Summary: You can life a live without compromise by making several commitments.
Living A Life Without Compromise
The life of Daniel is the story of a young man that “Lived a Life Without Compromise.” The setting for the book of Daniel is during the third year reign of Jehoidakim king of Judah. Nebuchadnezzar king of Babylon occupied the territory of Judah. Nebuchadnezzar’s father, Nabopolassar was the reigning monarch of the kingdom of Babylon. While Nebuchadnezzar was gathering the treasurers and hostages in Judea when an emergency call came from Babylon. Nebuchadnezzar’s father had died and he needed to go back home.
Among the hostages Nebuchadnezzar took with him back to Babylon were Daniel and his three friends. Daniel was from a royal family and only a teenager at the time as were his three friends also teenagers. They were forced to travel 1,500 miles to Babylon.
Daniel 1:3-5 (quickview) : Nebuchadnezzar was a smart political leader. He chose the most gifted princes from Judah and planned to train them to team up with him as political leaders. Nebuchadnezzar ordered his chief officer to “bring in some of the Israelites from the royal family and the nobility – young men without any physical defect, handsome, showing aptitude for every kind of learning, well informed, quick to understand, and qualified to serve in the king’s palace. He was to teach them the language and literature of the Babylonians. The kind assigned them a daily amount of food and wine from the king’s table. They were to be trained for three years, and after that they were to enter the king’s service.”
Daniel 1:6 (quickview)  “Among these were some from Judah: Daniel – (name meaning ‘God is my judge’, Hananiah, (the Lord has been gracious), Mishael, (The one who comes form God), and Azariah (The Lord is my helper). The chief official gave them Babylonian names: to Daniel, Belteshazzar (the secret of their God Bel), to Hananiah, Shadrach (“the inspiration of the sun god”, To Mishael, Meshach (he who belongs to the goddess Sheshach.) and to Azariah, Abednego (servant of Nebo - the morning star). Although the young people were given names of pagan gods of Babylon they continued to live up to their Hebrew names.

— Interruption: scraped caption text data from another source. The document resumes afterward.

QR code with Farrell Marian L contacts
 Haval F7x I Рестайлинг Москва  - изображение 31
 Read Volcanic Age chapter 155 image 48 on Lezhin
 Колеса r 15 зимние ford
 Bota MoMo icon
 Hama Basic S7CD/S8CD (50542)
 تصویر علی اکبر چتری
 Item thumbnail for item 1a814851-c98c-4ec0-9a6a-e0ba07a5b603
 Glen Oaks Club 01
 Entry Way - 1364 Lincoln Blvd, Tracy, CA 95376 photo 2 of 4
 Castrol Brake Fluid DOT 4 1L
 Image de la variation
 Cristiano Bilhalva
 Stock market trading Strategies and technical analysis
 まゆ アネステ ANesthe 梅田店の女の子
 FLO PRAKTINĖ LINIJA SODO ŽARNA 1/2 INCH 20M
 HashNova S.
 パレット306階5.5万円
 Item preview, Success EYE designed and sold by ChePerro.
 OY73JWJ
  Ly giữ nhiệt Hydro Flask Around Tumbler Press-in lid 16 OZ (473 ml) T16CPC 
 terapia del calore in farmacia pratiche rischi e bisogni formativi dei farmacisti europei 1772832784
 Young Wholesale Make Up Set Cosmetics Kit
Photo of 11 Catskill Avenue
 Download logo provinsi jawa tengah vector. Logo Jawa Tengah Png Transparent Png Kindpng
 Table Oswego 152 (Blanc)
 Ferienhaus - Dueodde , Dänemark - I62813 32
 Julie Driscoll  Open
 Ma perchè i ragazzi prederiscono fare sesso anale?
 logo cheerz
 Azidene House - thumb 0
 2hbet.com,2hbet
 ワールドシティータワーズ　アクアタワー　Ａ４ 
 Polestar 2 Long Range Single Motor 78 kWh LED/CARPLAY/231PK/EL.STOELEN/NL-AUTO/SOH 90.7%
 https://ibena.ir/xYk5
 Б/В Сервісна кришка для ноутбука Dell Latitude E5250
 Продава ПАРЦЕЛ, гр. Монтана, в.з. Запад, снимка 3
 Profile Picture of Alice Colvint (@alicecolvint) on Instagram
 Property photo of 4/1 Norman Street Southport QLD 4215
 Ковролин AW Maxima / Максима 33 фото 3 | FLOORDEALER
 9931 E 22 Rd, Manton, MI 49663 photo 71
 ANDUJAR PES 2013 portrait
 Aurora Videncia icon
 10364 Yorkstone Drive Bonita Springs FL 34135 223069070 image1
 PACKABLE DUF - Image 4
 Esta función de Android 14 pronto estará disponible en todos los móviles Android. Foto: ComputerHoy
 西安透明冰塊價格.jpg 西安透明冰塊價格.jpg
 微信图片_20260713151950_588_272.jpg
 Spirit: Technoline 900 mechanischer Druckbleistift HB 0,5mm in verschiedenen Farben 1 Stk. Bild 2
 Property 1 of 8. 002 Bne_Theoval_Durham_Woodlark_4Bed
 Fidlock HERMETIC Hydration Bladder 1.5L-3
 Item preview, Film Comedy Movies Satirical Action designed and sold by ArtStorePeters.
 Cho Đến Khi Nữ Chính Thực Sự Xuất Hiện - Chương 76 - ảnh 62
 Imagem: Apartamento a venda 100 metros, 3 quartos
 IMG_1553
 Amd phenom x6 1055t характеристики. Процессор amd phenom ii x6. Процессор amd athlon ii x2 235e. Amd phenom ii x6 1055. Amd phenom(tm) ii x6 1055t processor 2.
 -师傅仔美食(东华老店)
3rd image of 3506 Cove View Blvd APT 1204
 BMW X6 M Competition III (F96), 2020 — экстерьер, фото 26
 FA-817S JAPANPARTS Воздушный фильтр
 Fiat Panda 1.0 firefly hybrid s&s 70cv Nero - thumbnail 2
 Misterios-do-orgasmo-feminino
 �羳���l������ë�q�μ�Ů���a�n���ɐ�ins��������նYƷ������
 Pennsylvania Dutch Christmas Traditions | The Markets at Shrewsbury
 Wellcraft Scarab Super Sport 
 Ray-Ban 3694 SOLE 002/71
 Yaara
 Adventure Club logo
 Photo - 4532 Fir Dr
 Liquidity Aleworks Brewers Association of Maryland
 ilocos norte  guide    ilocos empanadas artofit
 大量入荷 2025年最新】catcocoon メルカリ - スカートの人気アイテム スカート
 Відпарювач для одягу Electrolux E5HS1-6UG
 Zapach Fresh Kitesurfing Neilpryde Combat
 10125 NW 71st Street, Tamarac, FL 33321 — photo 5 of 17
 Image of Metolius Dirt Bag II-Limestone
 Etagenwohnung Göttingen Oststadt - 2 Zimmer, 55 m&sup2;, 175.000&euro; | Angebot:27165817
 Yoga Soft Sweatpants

Daniel 1:8 (quickview) : “But Daniel (along with his three friends) resolved not to defile himself with the royal food and win, and he (Daniel) asked the chief official for permission not to defile himself this way.”
With unshakable conviction, holy daring and delicate finesse of courtesy Daniel and his companions revealed their extraordinary gifts of wisdom and character. Whether they should eat the king’s food was much more than a questions of expedience or health. It related to the integrity of their vows of consecration as Hebrews to the God of Israel. The ceremonial significance of food even when just a part of the meat was dedicated to the pagan gods of Babylon would mean compromising their faith in the Lord God and the laws given by God to Moses. Regardless of the cost they would not defile themselves by eating any food dedicated to false gods.
Daniel and his friends were committed to living a life without compromise.